* **AIM OF THE EXERCISE**: Would you copy exactly the lines in the data below from the one that has "Harley-Davidson FLSTN Softail" through the one that has "Used 2023 Toyota", dropping any pictures?

* **DATA PROVIDED**:

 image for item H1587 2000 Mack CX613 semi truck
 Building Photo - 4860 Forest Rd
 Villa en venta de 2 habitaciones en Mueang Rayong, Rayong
---
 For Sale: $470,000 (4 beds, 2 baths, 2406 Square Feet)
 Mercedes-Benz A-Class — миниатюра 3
---
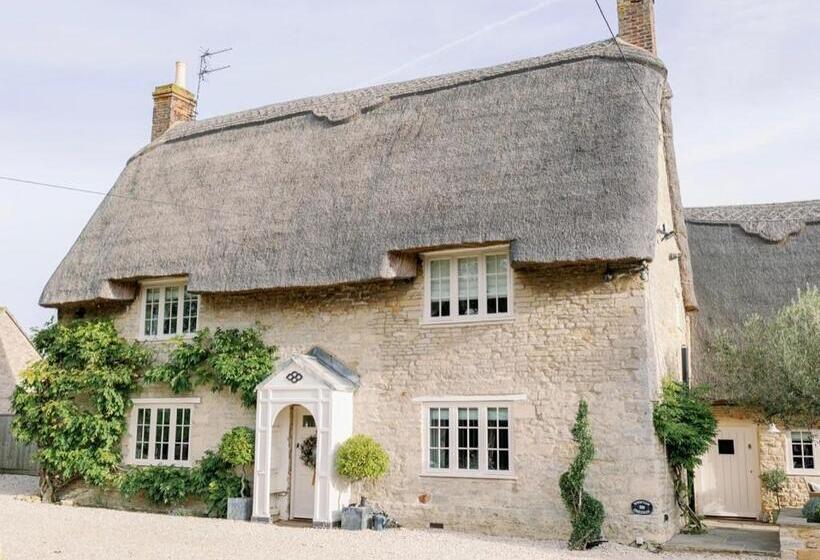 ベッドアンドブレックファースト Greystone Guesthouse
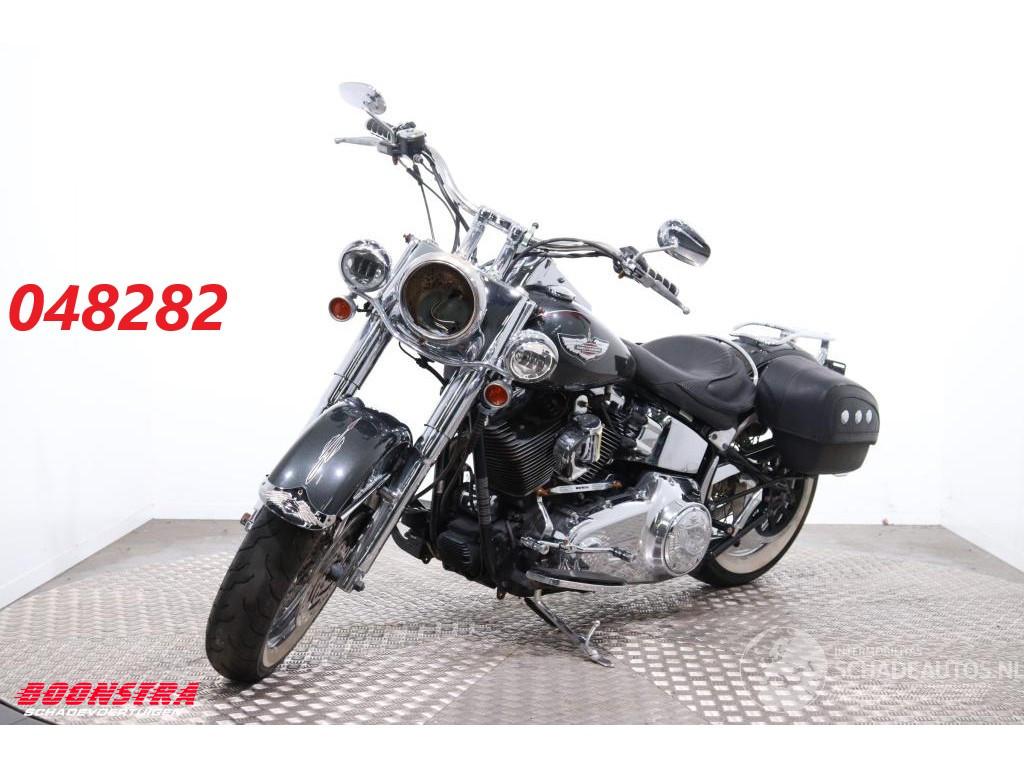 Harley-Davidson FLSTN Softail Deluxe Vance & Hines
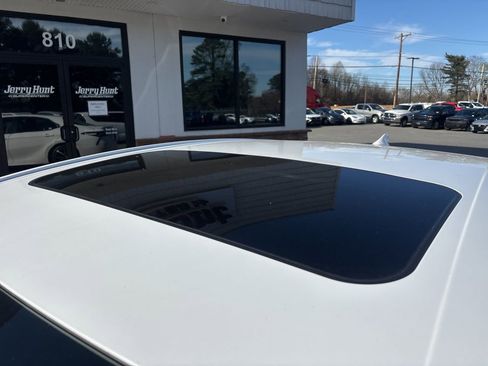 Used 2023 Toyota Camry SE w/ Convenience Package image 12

* **RESPONSE**:
 Harley-Davidson FLSTN Softail Deluxe Vance & Hines
 Used 2023 Toyota Camry SE w/ Convenience Package image 12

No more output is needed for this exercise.